A turn of the ignition key, the car sprang to life, first with the growl Danny knew so well, then smoothing into the purr of the beast at rest that lures the reckless and cautions the wary.
He checked the gas gauge, smiled to see it near "Full." The old man had taken to giving him hell when he asked for extra cash, crappin' about lousy gas mileage and cost of upkeep and repairs, "not to mention insurance; shoulda never bought you that damn Brit car!" The old man's sales were down.
Danny didn't care. The Jag was worth it. Worth the extra work and expense. Worth the old man's flap. Worth it all when he sat behind the wheel and threaded the car like a silver needle through the staring eyes of the other kids.
Danny backed off the gas and let the XJ6 idle on its own, savoring the thrum of power, the headiness of being on the edge.
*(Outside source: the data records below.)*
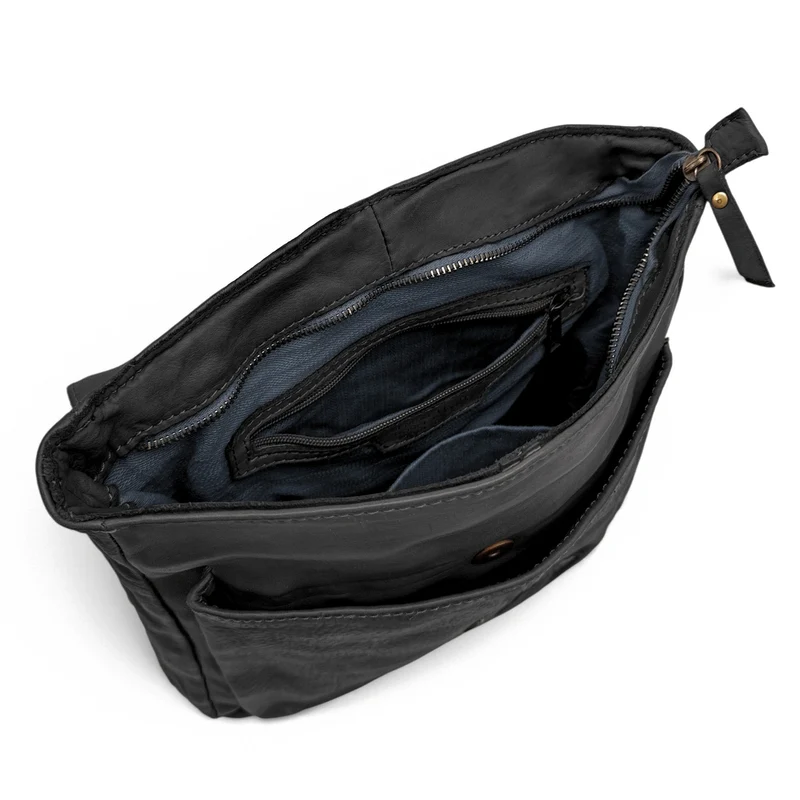 Grand sac à dos en cuir vintage SMITH (mr. & mrs.) Noir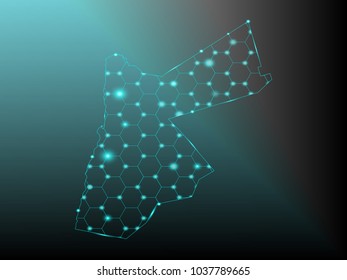 Wire frame 3D mesh polygonal network line. Abstract mash line and point scales on dark background with map of Jordan. Vector illustration eps 10. design polygon sphere.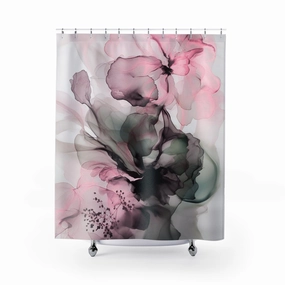 Floral Shower Curtain | Abstract Alcohol Ink, Pink Green Grey Lighting,Home Lighting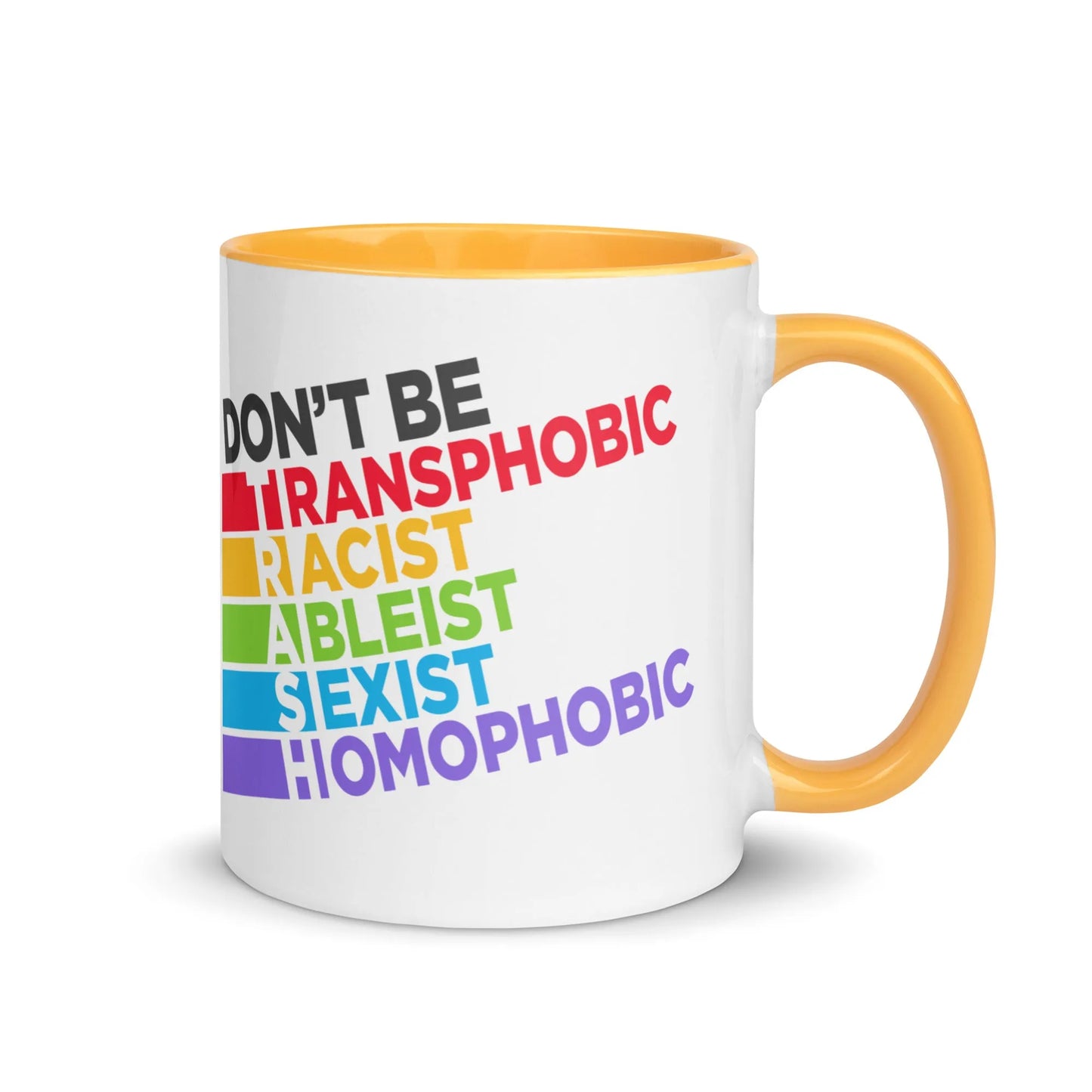Don’t Be TRASH Ceramic Coffee Mug, Inclusive, LGBTQ, Feminist, Anti Fascist, BLM, Rebel Girl Rampage
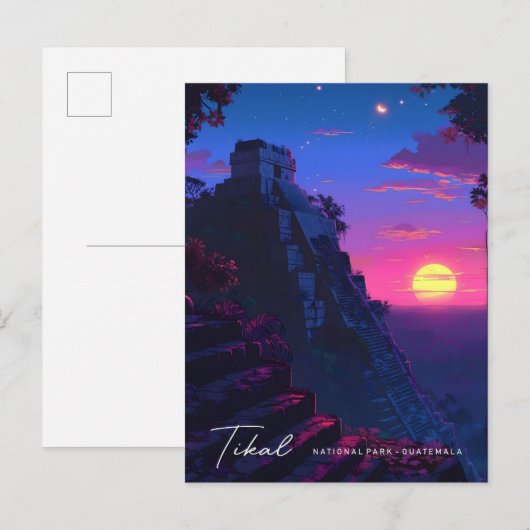 Carte Postale Nuit dans le Parc national de Tikal Guatemala Voya (Devant / Derrière)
The car consumed him like it always did, making him feel a part of it: the mind in the body, the hand in the fist.
He switched on the stereo.
Music spilled around him, the deep, primordial hammer of heavy metal bass — just the way he liked it. It pounded at his eardrums, drove into his body until he felt its rhythm like the beating of his heart.
The turn of a knob: running lights blinked on, wicked amber eyes gleaming in the darkness. A second revolution brought the headlights to full.
He cupped his right hand over the rounded gear shift lever mounted in the center console. Cool and slick, it fit his hand like a lover.